In many ways, except for the enduring popularity of The Lady Eve, Sturges has faded from view in film history. Certainly he has not enjoyed the constant attention and adulation of a Hitchcock, Hawks, or Ford, thus necessitating this ReFocus volume. Even many film scholars have seen only a few of his films. Some titles are hard to find, or available only in poor, unrestored versions.
Yet if one is sensitive to Sturges's themes, tone, and style, in actuality, he lurks everywhere in contemporary films. The reason we must bring him back into focus is that, in many ways, modern filmmakers should be counted as Sturges's (multiple) offspring.
THE COEN BROTHERS
Positif: Viewing Raising Arizona makes you think a bit about Preston Sturges.
Ethan Coen: We are crazy about his films.

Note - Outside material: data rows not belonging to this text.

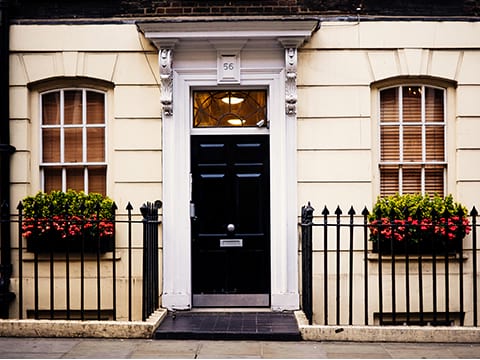 Beautiful curb appeal of a house with seashell colored exterior walls, white windows and trim around the black door and a black iron fence.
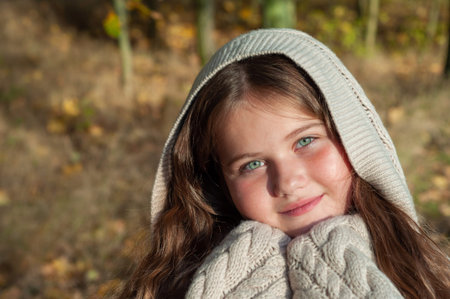 A young girl in a white hooded sweater.の写真素材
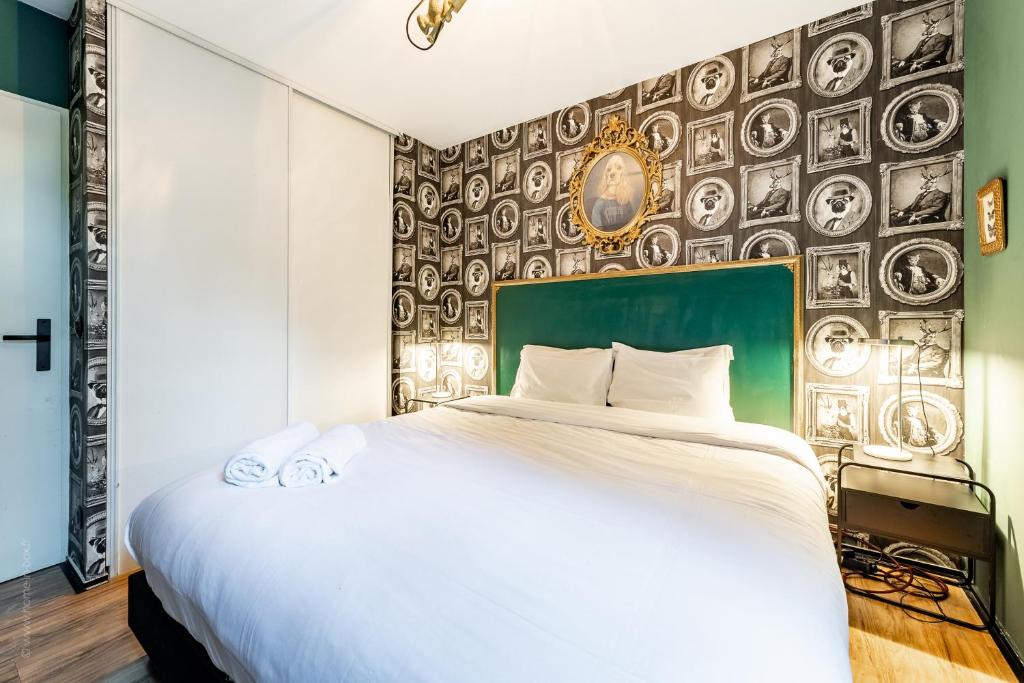 a bedroom with a large bed and a wall with plates at Family Travel Paris 4 in Bussy-Saint-Georges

We love The Palm Beach Story.
Playboy: Several of your films incorporate elements of screwball comedies. What's your favorite of that genre?
Joel: The Miracle of Morgan's Creek, although I'm not sure that it's technically a screwball comedy …
Ethan: I like all of Preston Sturges's comedies.
Though it adds a clever touch, film history aficionados didn't really need the title, O Brother, Where Art Thou?, to see Preston Sturges hiding behind the Coen Brothers’ 2000 movie, grinning. In that film alone, we have a picaresque narrative (like Sullivan's Travels); government corruption (The Great McGinty, Hail the Conquering Hero); a stock company of strange male figures speaking odd dialects (John Goodman, John Turturro, Charles Durning); and equally capricious character names, such as “Pete Hogwallop,” “Vernon T. Waldrip” and “Ulysses Everett McGill.” For Everett to turn out to be the father of seven daughters just does the sextuplets of The Miracle of Morgan's Creek (1944) one better.
For that matter, critics perceive Sturges's influence even earlier in the Coen canon, in Raising Arizona (1987), which throws together physical slapstick, verbal ingenuity, larceny, and … actual quintuplets. The Hudsucker Proxy (1994)—which adds Hawks and Capra to the masala, specifically in the hard-boiled female reporter character—also explicitly refers back to Sturges.